Most business aviation operators engage in annual risk assessment and profiling, according to the results of NBAA’s 2016 Business Aviation Safety Survey, now available exclusively to the association’s members.

The survey provides an unparalleled look into the safety policies and concerns of business aviation flight departments. More than 800 industry professionals of all roles and specialties provided their company’s safety data for the survey, more than doubling the response rate from last year’s inaugural survey.

Other key findings include:

  • The survey shows that 60 percent of dual-pilot operators reported they go to recurrent training twice annually.
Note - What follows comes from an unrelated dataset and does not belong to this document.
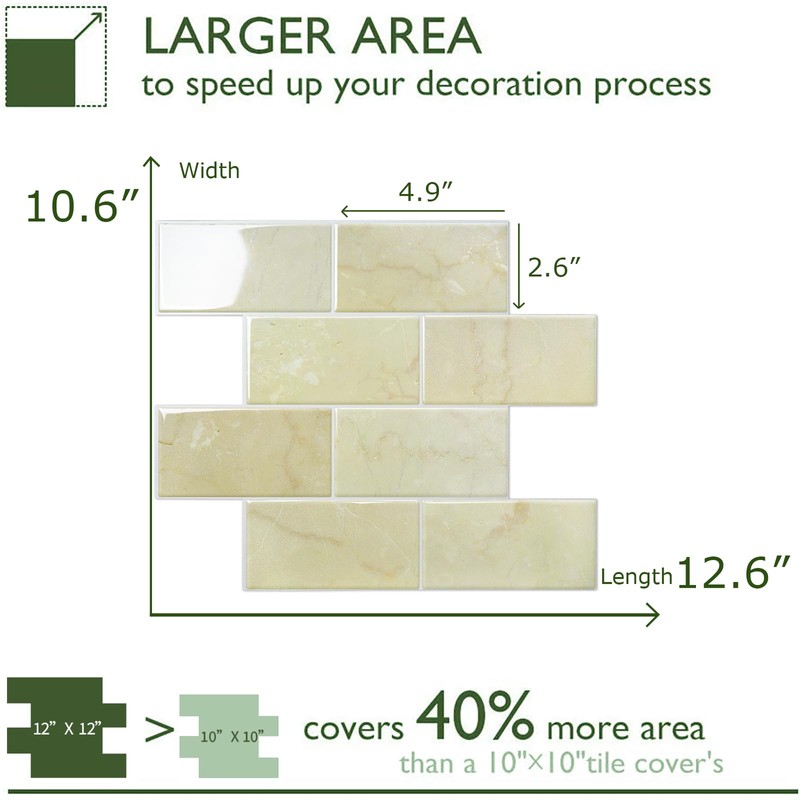 STICKGOO 10-Sheet Subway Tile Peel and Stick Backsplash, Self Adhesive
Most single-pilot respondents (62 percent) indicated they train once annually, with 28 percent indicating they train twice per year.
  • A significant majority of operations have some form of safety reporting process, with 73 percent of respondents saying they have comprehensive awareness of safety reports and issues across their organization.
  • Distraction, fatigue, professionalism and time pressure continue to be the top potential triggers for mishaps, respondents said.

Read the results of the 2016 Business Aviation Safety Survey.

“I was really impressed by the engagement in the survey,” said Paul Ratté, director of aviation safety programs for USAIG and team lead of the NBAA Safety Committee’s Risk Assessment Team. “There’s a passion in the community for safety.”

Ratté said the team’s objective with the survey was to supplement long-term historical performance data with two tiers of safety information &emdash; short-term (from the previous six to 18 months) performance data that reflects new trends and challenges, and anecdotal perspectives from business aircraft operators about their top concerns and priorities.

To accomplish this, Ratté’s team prepared 30 questions on topics such as dual- and single-pilot best practices, formal training expectations and safety reporting policies. Most survey questions were intentionally close-ended for data collection purposes, but Ratté noted that 1,200 unique responses to an open-ended query about respondents’ top three perceived safety risks will help the Safety Committee direct its focus to the most pressing concerns of business aircraft operators.

“Anything the Safety Committee does can only really be enacted through the practitioners of business aviation,” said Ratté. “We felt like it was necessary to understand what was on their minds, what are they thinking.”

Peter Korns, NBAA’s manager of operations, said that the Safety Committee was pleased with the community’s strong response, adding that the results show that safety continues to be a priority among business aircraft operators.

“It’s clear from analyzing the survey results that there’s a strong commitment to safety and improvement among business aircraft operators. We appreciate the community’s willingness to share their safety data year-over-year in an effort to better ensure our industry remains a world leader in aviation safety,” said Korns.